I was born in the Republic of Ireland, which means that I was raised Catholic, like 95% of the population.
I’m extremely lapsed now. Many of us in scientific or technical careers have grappled with the notion of faith or god in our lives. The conclusion is often a very personal decision. The conclusions reached by scientists down through the ages have been fascinating.
I went through a process of rejection of the Catholic faith and church over a period of time in my teenage years. Having studied the hard science of physics, I spent a long time as an avowed rationalist atheist.
My thoughts in this area continue to evolve – the nature and meaning of “god” have been the focus of intense philosophical debate throughout the millennia, and it hasn’t always ended well for the participants.
Don’t worry, I’m not going to get into that in this blog poset. There’s a great book by the Australian physicist Paul Davies that does so, if that sort of thing floats your boat).
I was introduced to meditation in a very secular manner – I wrote about it here previously. Most meditation practices are rooted in a spiritual traditions – although some have speculated that the ability to fall into meditative states was an evolutionary advantage for hunter-gatherer tribes whilst waiting for prey to wander by.
My first encounters to meditation were through the work of Jon Kabat-Zinn. He redesigned Buddhist meditative practices to remove spiritual and ritualistic trappings in order to fit in better with a secular western audience (i.e. me!). He has a lot of responsibility for the popularity of the word “mindfulness” at this point in time. He’s a good guy, you should check him out.
Since my introduction over a decade ago, I’ve explored meditative practice in secular and more traditional contexts, including studying under Buddhist and yogic traditions, and modern psychological approaches such as Acceptance and Commitment Therapy.
As somebody with a naturally curious and sceptical outlook, it’s been an interesting experience! For the most part, I still have an agnostic outlook – just my personal outlook.
What strikes me is this – regardless of the backdrop – whether I’ve engaged in meditation practice within a traditional spiritual context or not – the practices themselves continue to work.

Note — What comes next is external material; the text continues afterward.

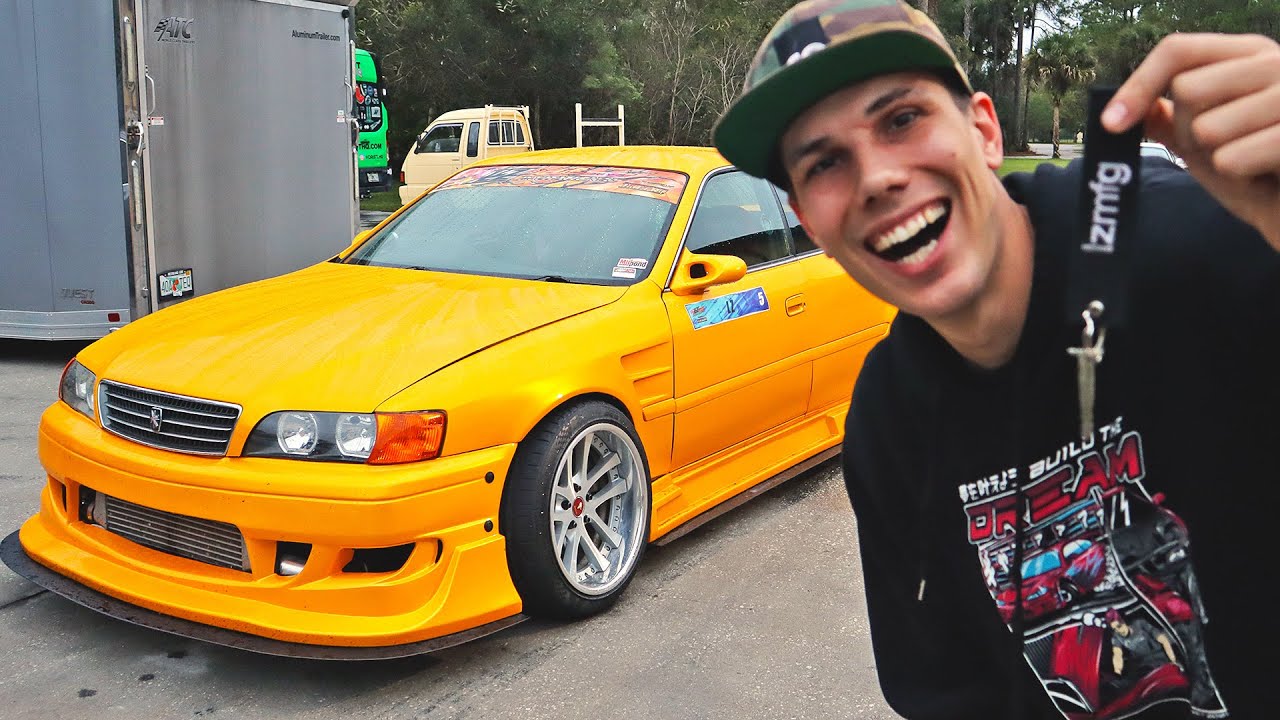 TAKING ADAM LZ'S CHASER FOR A RIP AT THE COMPOUND!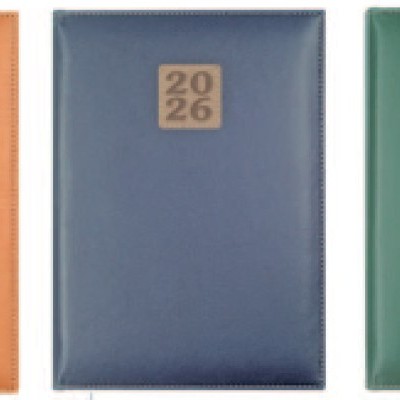 Dietario 17 x 24 cm 2027 personalizada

Research backs this up. Studies have been carried out on traditional spiritual practitioners and secular groups. For example, this study, which shows that an 8 week secular mindfulness program is associated with changes in brain structure. Or this study, on Buddhist monks, which investigates the changes in brain states due to long term compassion practice.
It’s clear to me that mindfulness meditation practice has a positive effect on my life regardless of where my beliefs with respect to spirituality are at any point in my life.
If you’re atheist, meditate. If you’re deeply religious, meditate. Either way you stand to gain.